DATASET RECORDS:
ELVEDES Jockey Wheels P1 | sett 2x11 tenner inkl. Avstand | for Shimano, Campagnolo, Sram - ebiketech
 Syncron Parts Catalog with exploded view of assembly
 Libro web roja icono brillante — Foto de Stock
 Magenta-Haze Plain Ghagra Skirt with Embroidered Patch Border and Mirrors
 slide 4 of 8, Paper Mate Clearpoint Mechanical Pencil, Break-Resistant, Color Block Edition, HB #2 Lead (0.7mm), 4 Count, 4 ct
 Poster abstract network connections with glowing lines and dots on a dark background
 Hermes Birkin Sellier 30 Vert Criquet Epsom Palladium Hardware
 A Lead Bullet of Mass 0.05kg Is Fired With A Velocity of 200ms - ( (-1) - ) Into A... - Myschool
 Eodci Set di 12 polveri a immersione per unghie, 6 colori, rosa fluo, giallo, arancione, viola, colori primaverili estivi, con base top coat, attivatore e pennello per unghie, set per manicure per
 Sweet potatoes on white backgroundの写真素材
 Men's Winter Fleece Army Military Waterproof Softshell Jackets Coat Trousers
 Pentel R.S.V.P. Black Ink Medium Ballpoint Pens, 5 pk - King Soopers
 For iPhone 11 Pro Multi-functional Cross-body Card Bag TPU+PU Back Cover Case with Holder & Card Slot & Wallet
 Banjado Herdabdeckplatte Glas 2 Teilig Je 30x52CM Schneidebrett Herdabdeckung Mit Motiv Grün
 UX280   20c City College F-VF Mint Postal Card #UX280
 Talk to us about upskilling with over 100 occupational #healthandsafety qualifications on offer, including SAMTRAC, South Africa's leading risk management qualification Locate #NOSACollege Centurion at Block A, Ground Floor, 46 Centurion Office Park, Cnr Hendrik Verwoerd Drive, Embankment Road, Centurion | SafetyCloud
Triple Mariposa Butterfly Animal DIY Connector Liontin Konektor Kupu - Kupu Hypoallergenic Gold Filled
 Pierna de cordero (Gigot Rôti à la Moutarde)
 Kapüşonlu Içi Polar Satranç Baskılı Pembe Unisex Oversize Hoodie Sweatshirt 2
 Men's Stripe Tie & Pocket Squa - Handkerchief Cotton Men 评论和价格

AIM OF THE TASK: Give back, word for word, only the lines above from the line holding "Banjado Herdabdeckplatte Glas" to the line holding "Postal Card #UX280", both included.

ANSWER BELOW:
 Banjado Herdabdeckplatte Glas 2 Teilig Je 30x52CM Schneidebrett Herdabdeckung Mit Motiv Grün
 UX280   20c City College F-VF Mint Postal Card #UX280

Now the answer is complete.